# [Task instructions]
Set down a word-for-word copy of the data below, limited to the lines from the first through the line with "Лапша Azia Pasta Бесбармак широкий 500гр м/у".

# [Data shown]
******************************
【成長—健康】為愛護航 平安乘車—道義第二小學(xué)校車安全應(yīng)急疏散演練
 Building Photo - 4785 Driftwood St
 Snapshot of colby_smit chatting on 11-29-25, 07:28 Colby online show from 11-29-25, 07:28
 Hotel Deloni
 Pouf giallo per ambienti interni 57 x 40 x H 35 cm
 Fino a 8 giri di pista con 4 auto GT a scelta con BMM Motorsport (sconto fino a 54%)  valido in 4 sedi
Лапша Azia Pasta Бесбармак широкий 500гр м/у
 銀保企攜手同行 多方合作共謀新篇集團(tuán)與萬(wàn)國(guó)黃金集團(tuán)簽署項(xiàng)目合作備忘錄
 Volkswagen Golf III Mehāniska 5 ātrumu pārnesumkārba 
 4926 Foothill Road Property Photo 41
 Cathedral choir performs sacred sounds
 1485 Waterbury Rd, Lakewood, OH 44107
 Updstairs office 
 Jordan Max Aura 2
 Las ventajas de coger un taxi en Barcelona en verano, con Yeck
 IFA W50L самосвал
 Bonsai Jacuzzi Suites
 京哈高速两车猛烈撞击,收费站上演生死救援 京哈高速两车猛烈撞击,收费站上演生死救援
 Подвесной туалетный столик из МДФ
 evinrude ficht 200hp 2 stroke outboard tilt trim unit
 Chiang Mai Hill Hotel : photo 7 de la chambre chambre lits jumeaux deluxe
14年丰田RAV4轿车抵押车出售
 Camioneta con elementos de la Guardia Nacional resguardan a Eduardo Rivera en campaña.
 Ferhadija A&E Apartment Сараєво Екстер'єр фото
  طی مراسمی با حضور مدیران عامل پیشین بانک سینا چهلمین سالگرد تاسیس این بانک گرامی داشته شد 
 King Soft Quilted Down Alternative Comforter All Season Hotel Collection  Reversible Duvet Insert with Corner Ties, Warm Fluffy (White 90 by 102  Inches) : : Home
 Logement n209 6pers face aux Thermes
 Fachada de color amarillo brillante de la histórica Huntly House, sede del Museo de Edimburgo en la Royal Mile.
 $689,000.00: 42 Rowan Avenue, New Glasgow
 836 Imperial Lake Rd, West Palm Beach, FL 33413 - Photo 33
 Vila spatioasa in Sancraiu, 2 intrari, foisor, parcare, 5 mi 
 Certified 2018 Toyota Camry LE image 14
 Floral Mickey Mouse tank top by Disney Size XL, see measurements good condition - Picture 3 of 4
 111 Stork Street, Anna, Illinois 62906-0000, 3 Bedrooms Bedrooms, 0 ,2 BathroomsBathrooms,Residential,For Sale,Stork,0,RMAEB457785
******************************
# [Answer box]
【成長—健康】為愛護航 平安乘車—道義第二小學(xué)校車安全應(yīng)急疏散演練
 Building Photo - 4785 Driftwood St
 Snapshot of colby_smit chatting on 11-29-25, 07:28 Colby online show from 11-29-25, 07:28
 Hotel Deloni
 Pouf giallo per ambienti interni 57 x 40 x H 35 cm
 Fino a 8 giri di pista con 4 auto GT a scelta con BMM Motorsport (sconto fino a 54%)  valido in 4 sedi
Лапша Azia Pasta Бесбармак широкий 500гр м/у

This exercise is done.